Understanding the SMACK stack for big data
Just as LAMP made it easy to create server applications, SMACK is making it simple (or at least simpler) to build big data programs. SMACK's role is to provide big data information access as fast as possible. In other words, developers can create big data applications without reinventing the wheel.
We don't discuss the LAMP stack much, anymore. Once a buzzword for describing the technology underlying server and web hosting projects, LAMP (Linux, Apache, MySQL, and PHP/Python/Perl) was a shortcut way to refer to the pieces used for online infrastructure. The details may change—MariaDB in place of MySQL, Nginx for Apache, and so on—but the fundamental infrastructure doesn't.
It had a major impact. LAMP, with its combination of operating system, web front end, transactional data store, and server-side programming, enabled the birth of Web 2.0. Nowadays, LAMP doesn’t get a lot of dedicated attention because it’s taken for granted.
The premise was, and still is, a good one. A well-known set of technologies designed to easily integrate with one another can be a reliable starting point for creating larger, complex applications. While each component is powerful in its own right, together they become more so.
And thus today, Spark, Mesos, Akka, Cassandra, and Kafka (SMACK) has become the foundation for big data applications.
Among the technology influences driving SMACK adoption is the demand for real-time big data analysis. Apache Hadoop architectures, usually including Hadoop Distributed File System, MapReduce, and YARN, work well for batch or offline jobs, where data is captured and processed periodically, but they're inadequate for real-time analysis.
SMACK is a registered trademark of By the Bay, but the code of its components is open source software.
Most community tech initiatives begin with a pioneer and a lead innovator. In 2014, Apple engineer Helena Edelson wrote KillrWeather to show how easy it would be to integrate big data streaming and processing into a single pipeline. Edelson’s efforts got the attention of other San Francisco big data developers, some of whom organized tech conferences.

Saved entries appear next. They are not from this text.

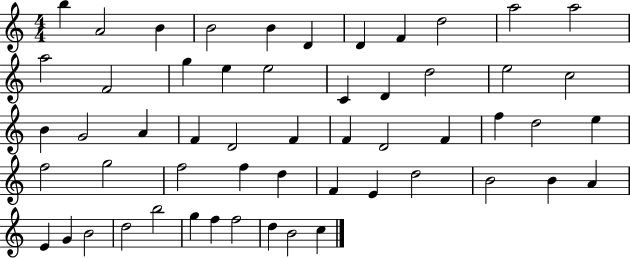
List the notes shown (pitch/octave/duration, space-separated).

B5/q A4/h B4/q B4/h B4/q D4/q D4/q F4/q D5/h A5/h A5/h A5/h F4/h G5/q E5/q E5/h C4/q D4/q D5/h E5/h C5/h B4/q G4/h A4/q F4/q D4/h F4/q F4/q D4/h F4/q F5/q D5/h E5/q F5/h G5/h F5/h F5/q D5/q F4/q E4/q D5/h B4/h B4/q A4/q E4/q G4/q B4/h D5/h B5/h G5/q F5/q F5/h D5/q B4/h C5/q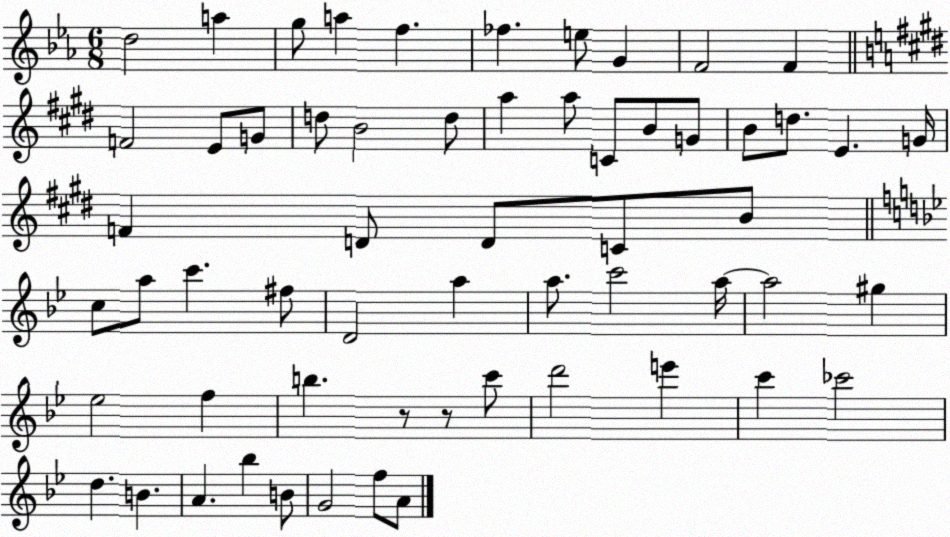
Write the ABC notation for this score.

X:1
T:Untitled
M:6/8
L:1/4
K:Eb
d2 a g/2 a f _f e/2 G F2 F F2 E/2 G/2 d/2 B2 d/2 a a/2 C/2 B/2 G/2 B/2 d/2 E G/4 F D/2 D/2 C/2 B/2 c/2 a/2 c' ^f/2 D2 a a/2 c'2 a/4 a2 ^g _e2 f b z/2 z/2 c'/2 d'2 e' c' _c'2 d B A _b B/2 G2 f/2 A/2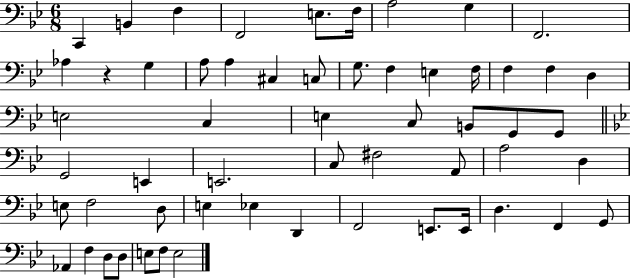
X:1
T:Untitled
M:6/8
L:1/4
K:Bb
C,, B,, F, F,,2 E,/2 F,/4 A,2 G, F,,2 _A, z G, A,/2 A, ^C, C,/2 G,/2 F, E, F,/4 F, F, D, E,2 C, E, C,/2 B,,/2 G,,/2 G,,/2 G,,2 E,, E,,2 C,/2 ^F,2 A,,/2 A,2 D, E,/2 F,2 D,/2 E, _E, D,, F,,2 E,,/2 E,,/4 D, F,, G,,/2 _A,, F, D,/2 D,/2 E,/2 F,/2 E,2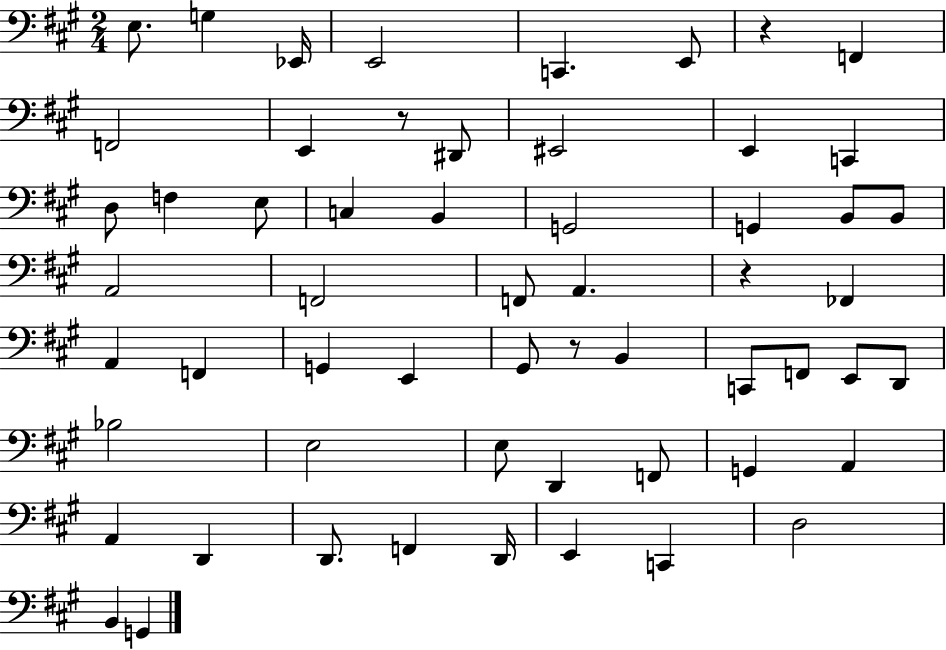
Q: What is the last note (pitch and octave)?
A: G2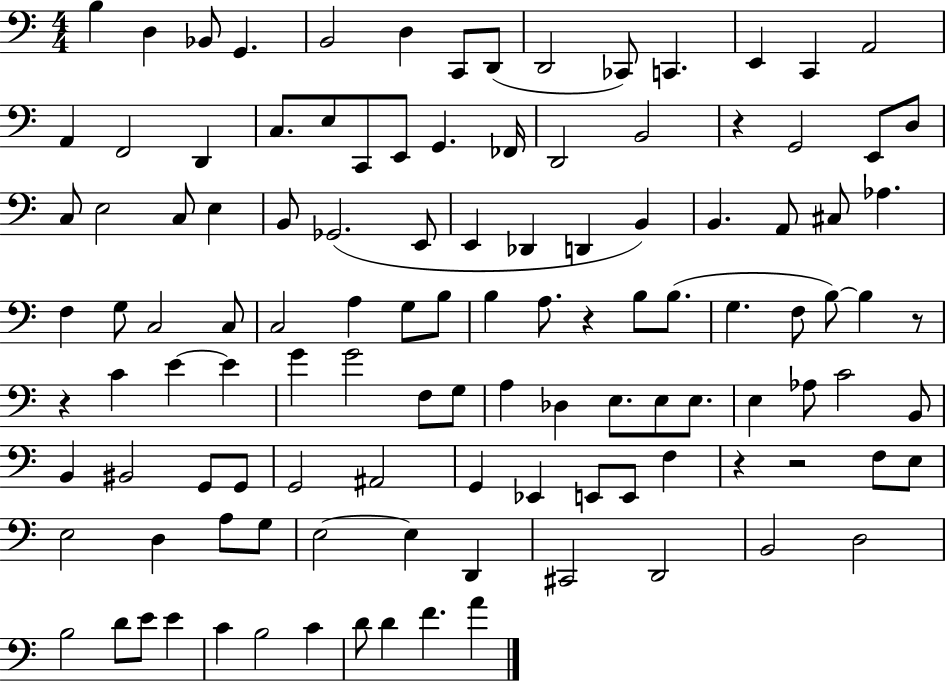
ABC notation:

X:1
T:Untitled
M:4/4
L:1/4
K:C
B, D, _B,,/2 G,, B,,2 D, C,,/2 D,,/2 D,,2 _C,,/2 C,, E,, C,, A,,2 A,, F,,2 D,, C,/2 E,/2 C,,/2 E,,/2 G,, _F,,/4 D,,2 B,,2 z G,,2 E,,/2 D,/2 C,/2 E,2 C,/2 E, B,,/2 _G,,2 E,,/2 E,, _D,, D,, B,, B,, A,,/2 ^C,/2 _A, F, G,/2 C,2 C,/2 C,2 A, G,/2 B,/2 B, A,/2 z B,/2 B,/2 G, F,/2 B,/2 B, z/2 z C E E G G2 F,/2 G,/2 A, _D, E,/2 E,/2 E,/2 E, _A,/2 C2 B,,/2 B,, ^B,,2 G,,/2 G,,/2 G,,2 ^A,,2 G,, _E,, E,,/2 E,,/2 F, z z2 F,/2 E,/2 E,2 D, A,/2 G,/2 E,2 E, D,, ^C,,2 D,,2 B,,2 D,2 B,2 D/2 E/2 E C B,2 C D/2 D F A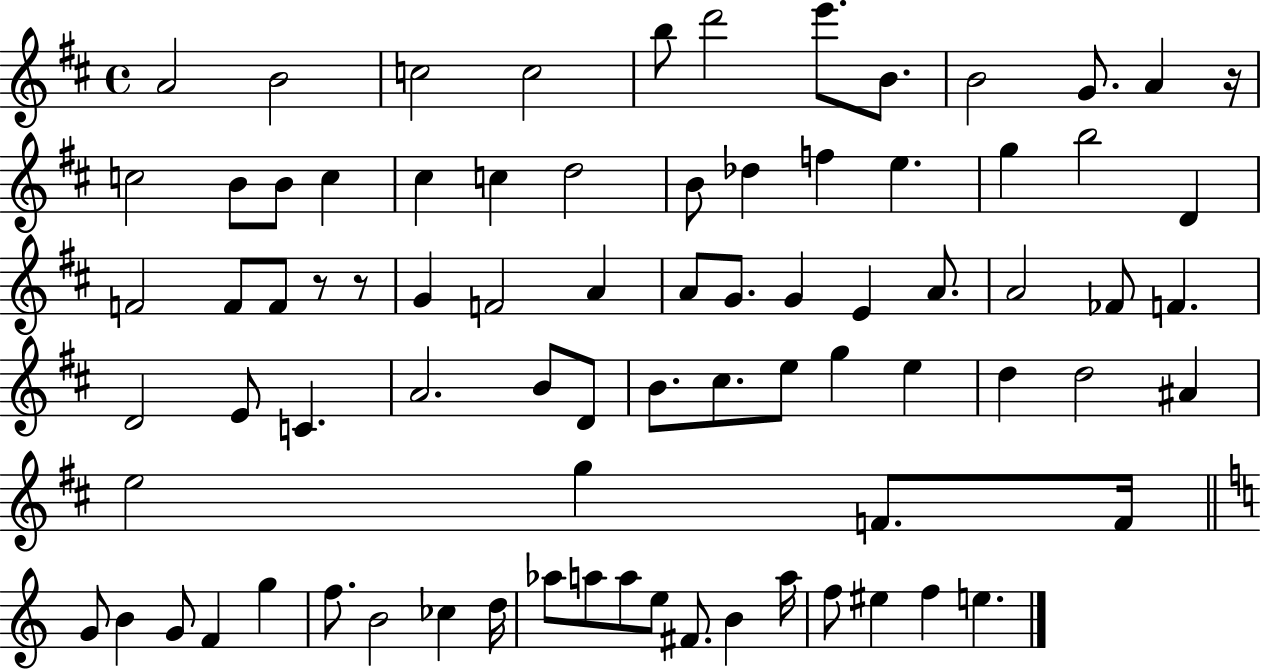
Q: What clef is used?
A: treble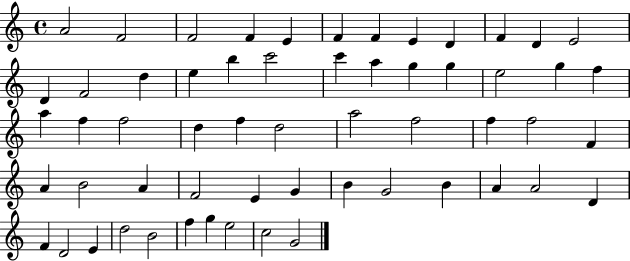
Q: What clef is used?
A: treble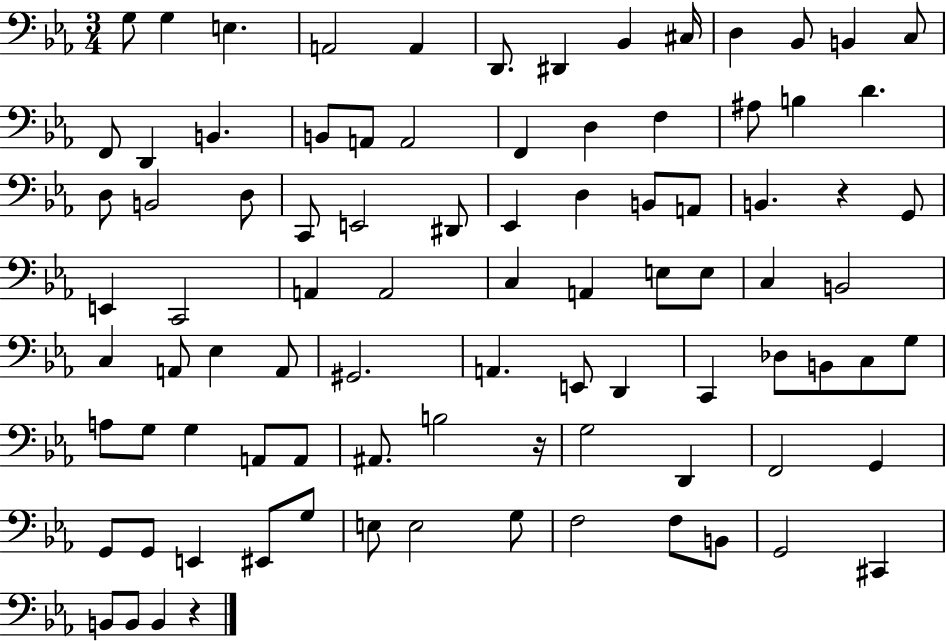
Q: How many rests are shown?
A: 3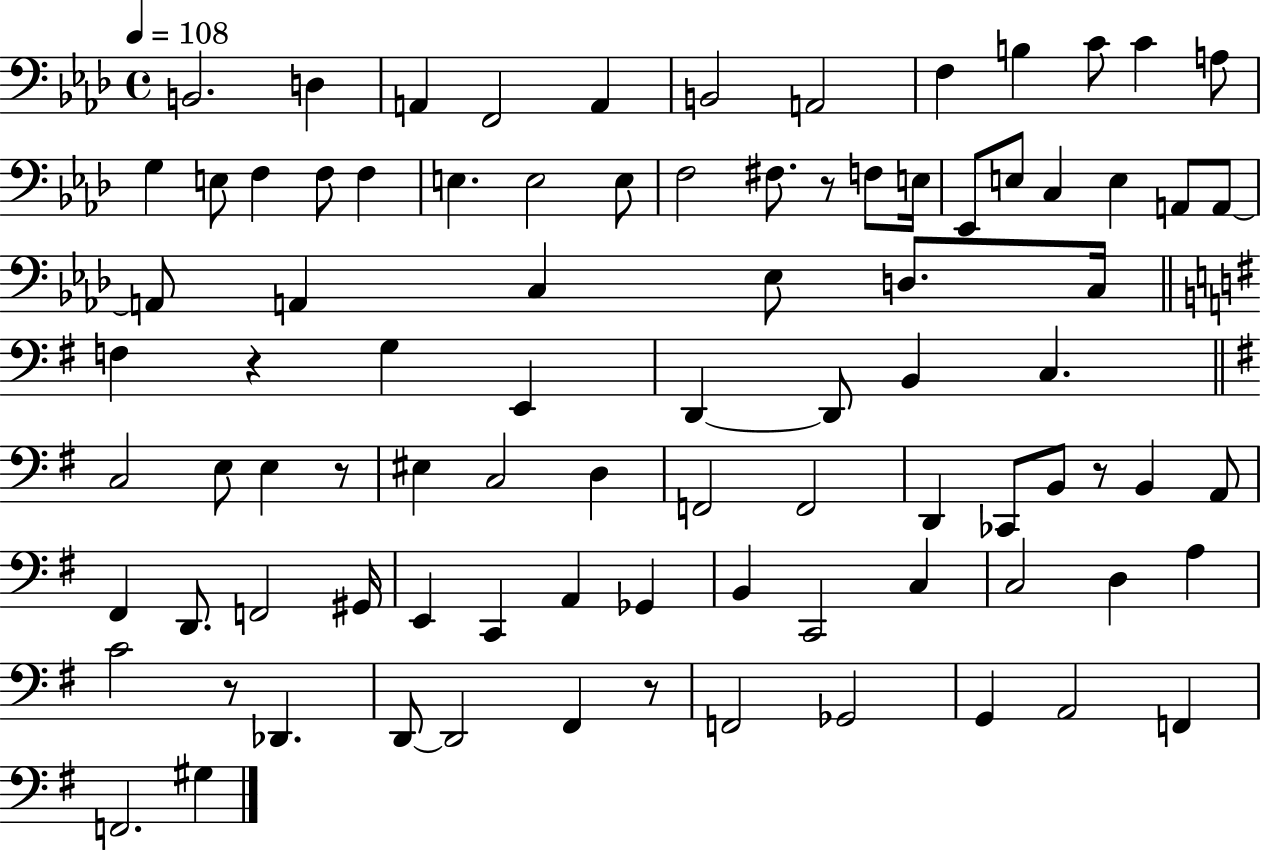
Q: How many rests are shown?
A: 6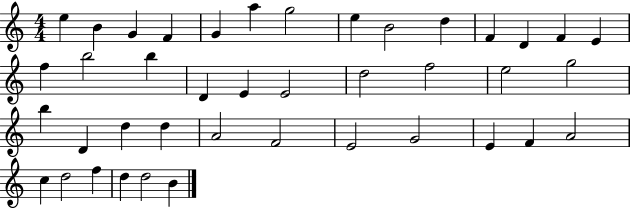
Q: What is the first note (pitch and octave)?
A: E5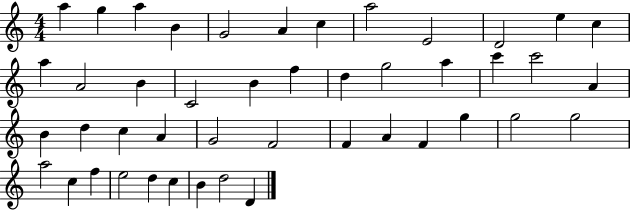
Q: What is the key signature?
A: C major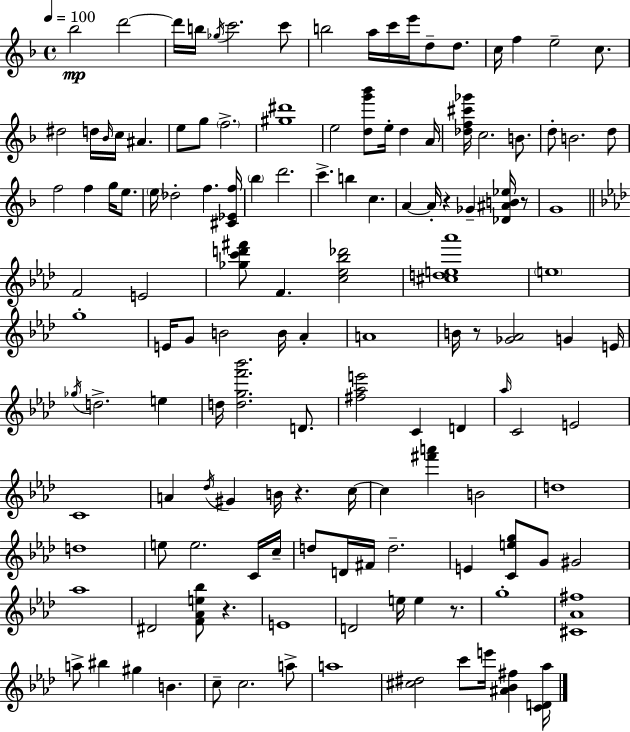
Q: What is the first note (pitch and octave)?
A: Bb5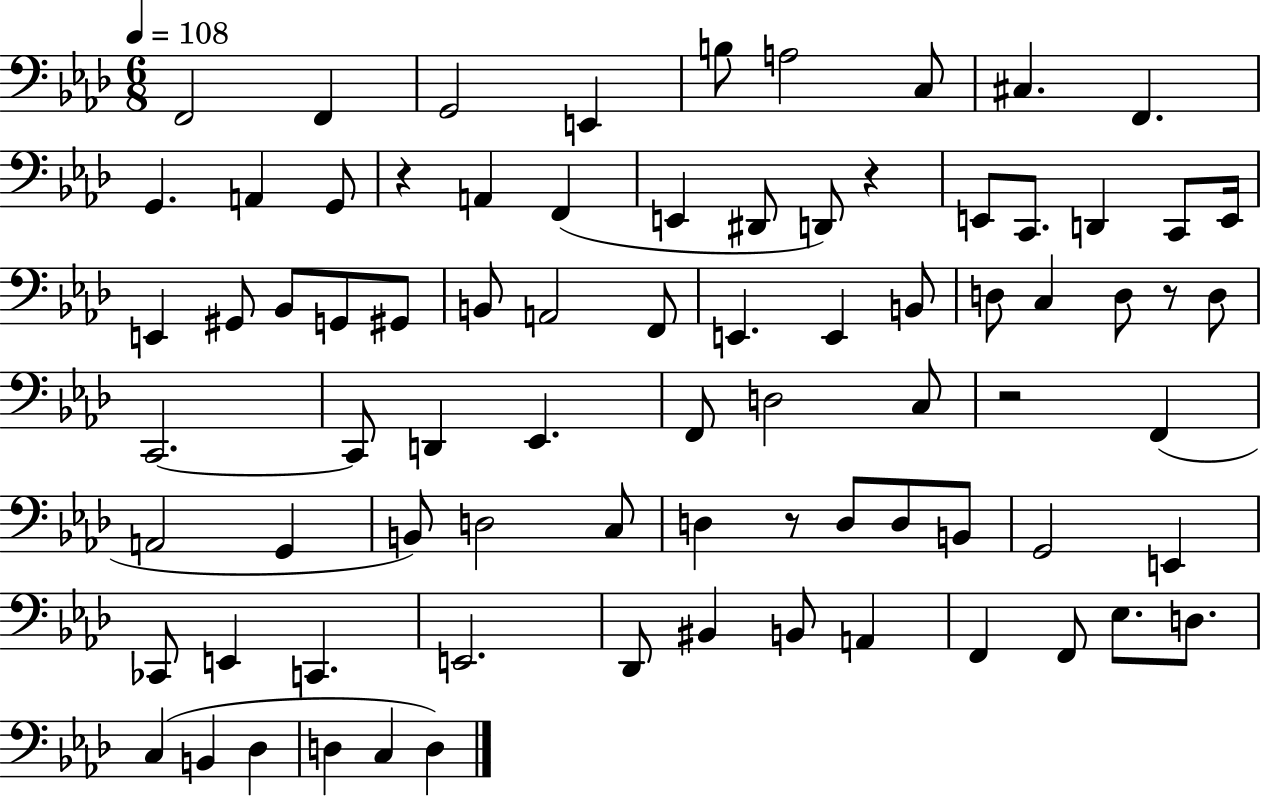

This quickly transformed into a movement. The programmers in each component met in 2015 at a pair of West Coast developer conferences, where they defined the SMACK stack by doing and teaching. Among the interested parties was Mesosphere, a container and big data company, which certainly has contributed to popularizing SMACK.
Immediately after those conferences, Mesosphere announced its Mesosphere Infinity product. This pulled together the SMACK stack programs into a whole, with the aid of Cisco.
Mesosphere Infinity's purpose was to create "an ideal environment for handling all sorts of data processing needs—from nightly batch-processing tasks to real-time ingestion of sensor data, and from business intelligence to hard-core data science."
The SMACK stack quickly gained in popularity. It's currently employed in multiple big data pipeline data architectures for data stream processing.
As with LAMP, a developer or system administrator is not wedded to SMACK's main programs. You can replace individual components, just as some original LAMP users swapped out MariaDB for MySQL or Python for Perl. For instance, a SMACK developer can replace Mesos as the cluster scheduler with Apache YARN or use Apache Flink for batch and stream processing instead of Akka. But, as with LAMP, it’s a useful starting point for process and documentation as well as predictable toolsets.
Here's are SMACK's basic pieces:
Apache Mesos is SMACK's foundation. Mesos, a distributed systems kernel, abstracts CPU, memory, storage, and other computational resources away from physical or virtual machines. On Mesos, you build fault-tolerant and elastic distributed systems. Mesos runs applications within its cluster. It also provides a highly available platform. In the event of a system failure, Mesos relocates applications to different cluster nodes.
This Mesos kernel provides the SMACK applications (and other big data applications, such as Hadoop), with the APIs they need for resource management and scheduling across data center, cloud, and container platforms. While many SMACK implementations use Mesosphere's Mesos Data Center Operating System (DC/OS) distribution, SMACK works with any version of Mesos or, with some elbow grease, other distributed systems.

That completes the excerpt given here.